● DATA EXTRACT
****************************************
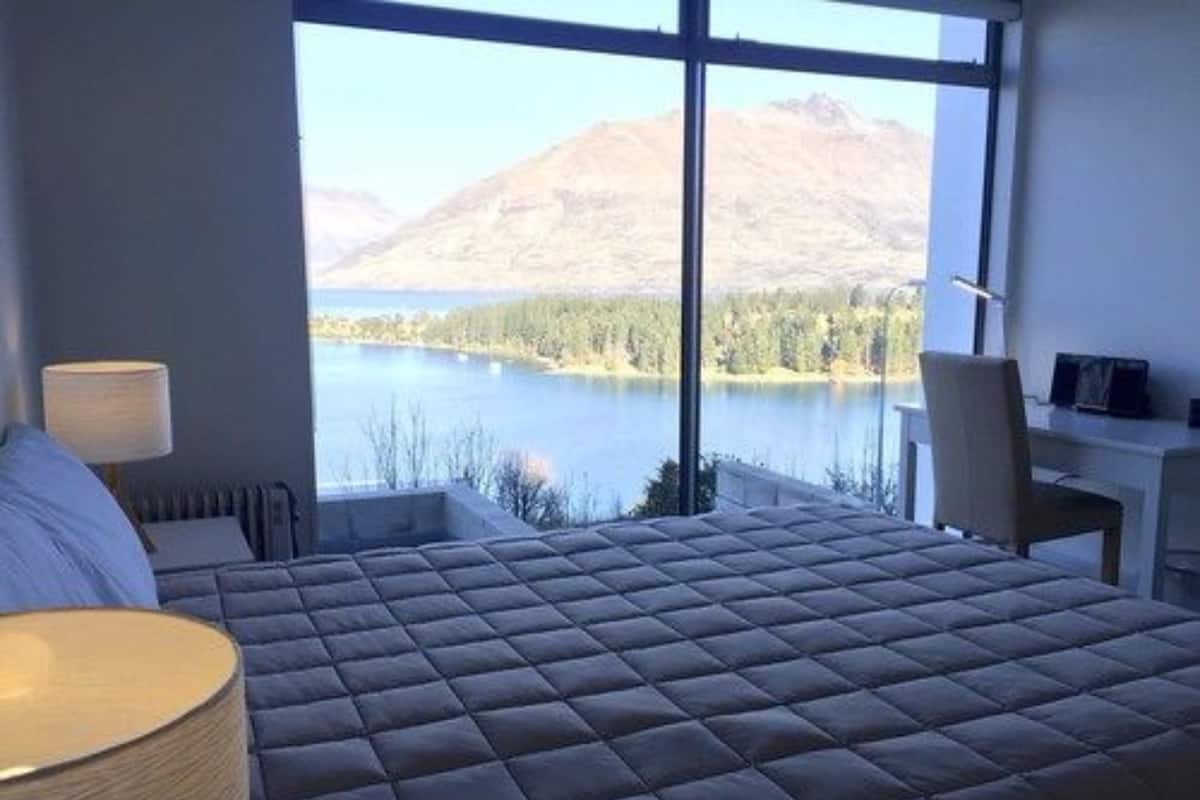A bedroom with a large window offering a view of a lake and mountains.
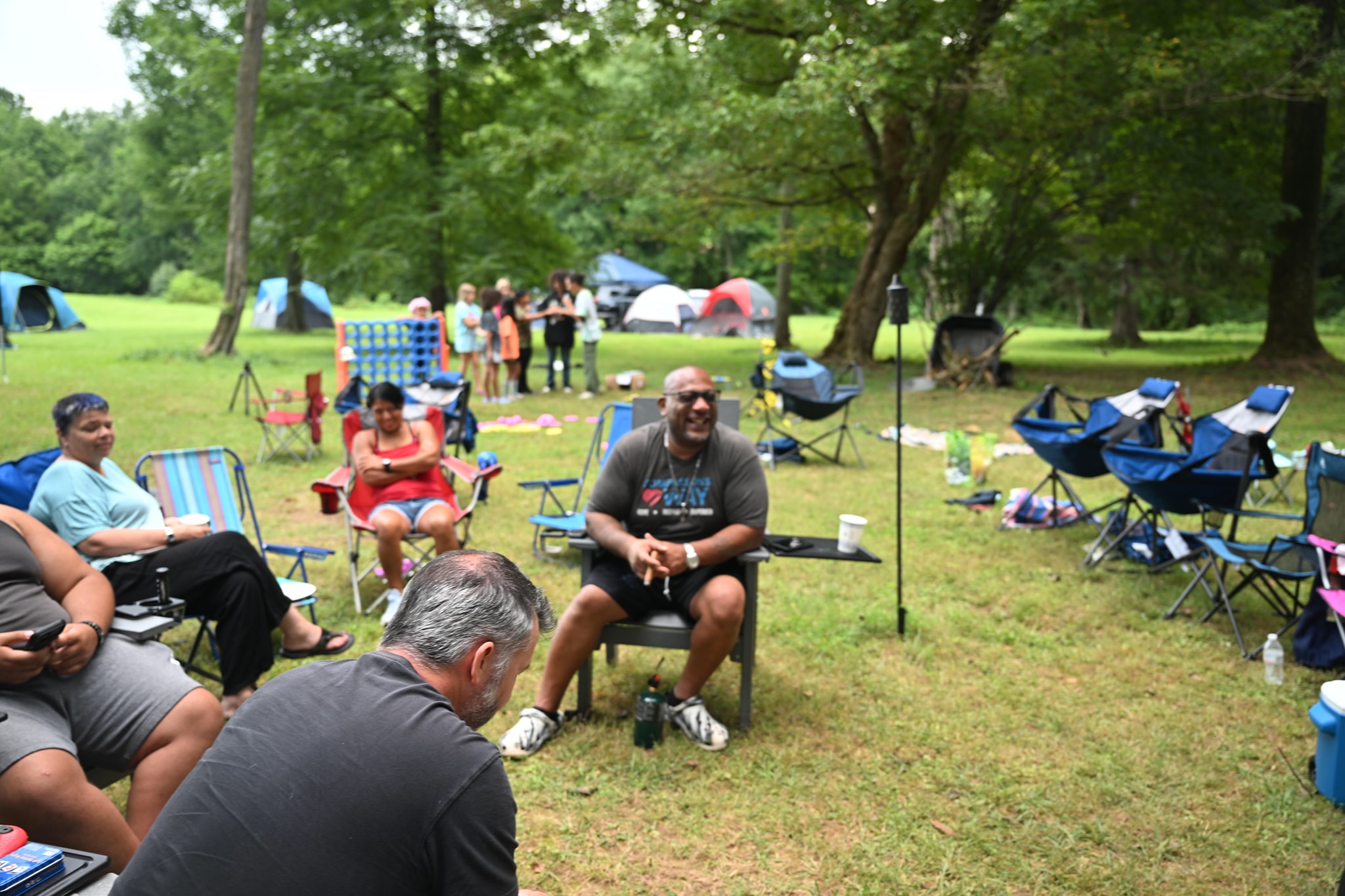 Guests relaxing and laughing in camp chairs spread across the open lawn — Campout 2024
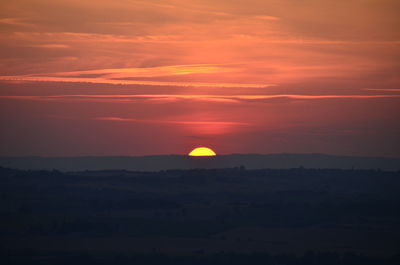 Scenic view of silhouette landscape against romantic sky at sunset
****************************************
● EXERCISE PROMPT
With pictures omitted, restate exactly every line from the one containing "Guests relaxing and" through the last line of the material, inclusive.

● RESPONSE BOX
 Guests relaxing and laughing in camp chairs spread across the open lawn — Campout 2024
 Scenic view of silhouette landscape against romantic sky at sunset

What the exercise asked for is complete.